- [Required action] Which lines below fall between the one containing "Radwag PS 1000.X7 прецизионные весы" and the one containing "2024 Toyota Noah"? Repeat them exactly, counting both of those lines, and add nothing else.

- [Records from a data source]
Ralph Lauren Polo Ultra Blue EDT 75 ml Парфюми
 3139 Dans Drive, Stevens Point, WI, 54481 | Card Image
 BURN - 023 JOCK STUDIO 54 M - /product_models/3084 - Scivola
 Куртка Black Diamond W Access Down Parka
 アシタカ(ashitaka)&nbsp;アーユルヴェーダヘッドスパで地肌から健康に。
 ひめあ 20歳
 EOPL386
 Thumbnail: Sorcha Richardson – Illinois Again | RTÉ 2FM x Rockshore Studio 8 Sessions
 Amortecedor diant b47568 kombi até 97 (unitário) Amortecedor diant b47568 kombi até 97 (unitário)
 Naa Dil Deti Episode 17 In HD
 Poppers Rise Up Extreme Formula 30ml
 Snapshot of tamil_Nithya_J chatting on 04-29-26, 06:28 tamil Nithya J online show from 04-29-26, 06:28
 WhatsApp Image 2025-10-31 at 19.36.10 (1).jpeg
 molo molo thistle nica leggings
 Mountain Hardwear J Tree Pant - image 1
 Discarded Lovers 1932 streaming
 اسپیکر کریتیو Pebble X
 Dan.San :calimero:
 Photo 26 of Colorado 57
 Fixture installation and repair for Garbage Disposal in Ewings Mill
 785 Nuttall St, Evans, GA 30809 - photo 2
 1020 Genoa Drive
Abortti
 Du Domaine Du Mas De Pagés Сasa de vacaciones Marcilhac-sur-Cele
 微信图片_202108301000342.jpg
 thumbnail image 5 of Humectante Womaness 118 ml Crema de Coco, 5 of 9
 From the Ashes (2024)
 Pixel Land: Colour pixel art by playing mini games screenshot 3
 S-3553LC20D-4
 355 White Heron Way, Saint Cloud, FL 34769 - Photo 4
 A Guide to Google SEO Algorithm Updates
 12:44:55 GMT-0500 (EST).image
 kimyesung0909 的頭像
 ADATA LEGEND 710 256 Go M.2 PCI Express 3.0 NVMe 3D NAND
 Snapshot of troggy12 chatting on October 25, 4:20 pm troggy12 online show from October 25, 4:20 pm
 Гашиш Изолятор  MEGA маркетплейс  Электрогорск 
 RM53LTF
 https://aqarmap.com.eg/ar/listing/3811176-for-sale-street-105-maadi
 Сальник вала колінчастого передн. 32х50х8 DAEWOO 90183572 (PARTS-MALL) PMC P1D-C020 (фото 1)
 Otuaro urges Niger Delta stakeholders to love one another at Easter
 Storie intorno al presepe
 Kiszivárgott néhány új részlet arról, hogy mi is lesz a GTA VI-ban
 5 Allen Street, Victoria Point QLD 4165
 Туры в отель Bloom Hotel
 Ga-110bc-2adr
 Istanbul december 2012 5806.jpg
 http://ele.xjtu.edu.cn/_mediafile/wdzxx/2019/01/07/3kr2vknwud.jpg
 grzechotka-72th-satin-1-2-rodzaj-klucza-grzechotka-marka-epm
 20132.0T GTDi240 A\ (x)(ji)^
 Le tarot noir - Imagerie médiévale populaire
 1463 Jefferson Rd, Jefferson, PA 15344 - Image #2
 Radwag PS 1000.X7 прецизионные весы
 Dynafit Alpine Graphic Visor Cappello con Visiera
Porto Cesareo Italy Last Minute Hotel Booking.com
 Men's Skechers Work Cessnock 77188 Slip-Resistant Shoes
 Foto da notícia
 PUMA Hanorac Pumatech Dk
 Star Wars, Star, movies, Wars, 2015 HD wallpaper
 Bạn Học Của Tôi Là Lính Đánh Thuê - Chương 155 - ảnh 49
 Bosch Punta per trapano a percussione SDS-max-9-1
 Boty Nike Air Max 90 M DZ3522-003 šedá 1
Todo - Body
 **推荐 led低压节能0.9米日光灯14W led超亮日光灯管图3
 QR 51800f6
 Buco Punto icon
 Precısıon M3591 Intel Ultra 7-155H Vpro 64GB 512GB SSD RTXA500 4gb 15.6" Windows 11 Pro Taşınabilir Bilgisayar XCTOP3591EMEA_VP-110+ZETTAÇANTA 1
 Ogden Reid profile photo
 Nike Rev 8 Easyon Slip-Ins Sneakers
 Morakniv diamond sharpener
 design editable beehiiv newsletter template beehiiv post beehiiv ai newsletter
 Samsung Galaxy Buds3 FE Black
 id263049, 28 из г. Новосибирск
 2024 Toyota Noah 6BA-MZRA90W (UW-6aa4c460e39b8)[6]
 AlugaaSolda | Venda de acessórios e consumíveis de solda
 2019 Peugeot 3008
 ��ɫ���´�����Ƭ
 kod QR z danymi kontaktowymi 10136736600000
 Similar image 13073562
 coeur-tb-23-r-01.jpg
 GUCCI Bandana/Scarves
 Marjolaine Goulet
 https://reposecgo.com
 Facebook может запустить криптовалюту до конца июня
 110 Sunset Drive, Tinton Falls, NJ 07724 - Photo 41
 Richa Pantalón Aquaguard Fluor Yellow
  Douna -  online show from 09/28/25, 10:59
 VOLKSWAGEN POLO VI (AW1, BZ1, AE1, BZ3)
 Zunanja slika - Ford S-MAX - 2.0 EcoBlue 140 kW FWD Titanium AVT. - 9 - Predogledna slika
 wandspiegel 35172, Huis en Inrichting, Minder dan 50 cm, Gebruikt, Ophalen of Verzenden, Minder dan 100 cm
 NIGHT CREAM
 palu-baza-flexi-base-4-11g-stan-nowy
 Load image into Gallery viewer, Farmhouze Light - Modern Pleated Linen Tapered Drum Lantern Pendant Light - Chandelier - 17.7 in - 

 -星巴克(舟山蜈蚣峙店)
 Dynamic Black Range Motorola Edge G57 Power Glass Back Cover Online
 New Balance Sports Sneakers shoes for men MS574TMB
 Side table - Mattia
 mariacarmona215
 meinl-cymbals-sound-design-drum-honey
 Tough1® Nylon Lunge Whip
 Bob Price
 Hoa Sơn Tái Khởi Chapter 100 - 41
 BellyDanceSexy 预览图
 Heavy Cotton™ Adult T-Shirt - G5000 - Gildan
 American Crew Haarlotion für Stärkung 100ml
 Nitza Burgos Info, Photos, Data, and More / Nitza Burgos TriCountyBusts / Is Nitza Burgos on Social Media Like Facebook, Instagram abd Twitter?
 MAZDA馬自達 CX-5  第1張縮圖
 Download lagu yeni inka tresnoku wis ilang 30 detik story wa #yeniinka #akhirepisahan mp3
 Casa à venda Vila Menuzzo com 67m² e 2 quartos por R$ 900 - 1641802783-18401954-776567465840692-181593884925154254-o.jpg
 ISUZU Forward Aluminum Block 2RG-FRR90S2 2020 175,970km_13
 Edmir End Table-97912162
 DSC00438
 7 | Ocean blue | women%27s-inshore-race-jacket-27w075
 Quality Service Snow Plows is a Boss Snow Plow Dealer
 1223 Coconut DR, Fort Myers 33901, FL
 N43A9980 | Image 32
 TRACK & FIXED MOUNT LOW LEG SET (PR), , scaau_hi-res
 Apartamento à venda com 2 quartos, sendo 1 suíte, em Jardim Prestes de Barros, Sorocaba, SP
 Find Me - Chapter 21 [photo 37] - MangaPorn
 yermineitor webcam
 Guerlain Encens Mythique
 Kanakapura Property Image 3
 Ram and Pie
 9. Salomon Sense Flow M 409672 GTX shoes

- [The answer]
 Radwag PS 1000.X7 прецизионные весы
 Dynafit Alpine Graphic Visor Cappello con Visiera
Porto Cesareo Italy Last Minute Hotel Booking.com
 Men's Skechers Work Cessnock 77188 Slip-Resistant Shoes
 Foto da notícia
 PUMA Hanorac Pumatech Dk
 Star Wars, Star, movies, Wars, 2015 HD wallpaper
 Bạn Học Của Tôi Là Lính Đánh Thuê - Chương 155 - ảnh 49
 Bosch Punta per trapano a percussione SDS-max-9-1
 Boty Nike Air Max 90 M DZ3522-003 šedá 1
Todo - Body
 **推荐 led低压节能0.9米日光灯14W led超亮日光灯管图3
 QR 51800f6
 Buco Punto icon
 Precısıon M3591 Intel Ultra 7-155H Vpro 64GB 512GB SSD RTXA500 4gb 15.6" Windows 11 Pro Taşınabilir Bilgisayar XCTOP3591EMEA_VP-110+ZETTAÇANTA 1
 Ogden Reid profile photo
 Nike Rev 8 Easyon Slip-Ins Sneakers
 Morakniv diamond sharpener
 design editable beehiiv newsletter template beehiiv post beehiiv ai newsletter
 Samsung Galaxy Buds3 FE Black
 id263049, 28 из г. Новосибирск
 2024 Toyota Noah 6BA-MZRA90W (UW-6aa4c460e39b8)[6]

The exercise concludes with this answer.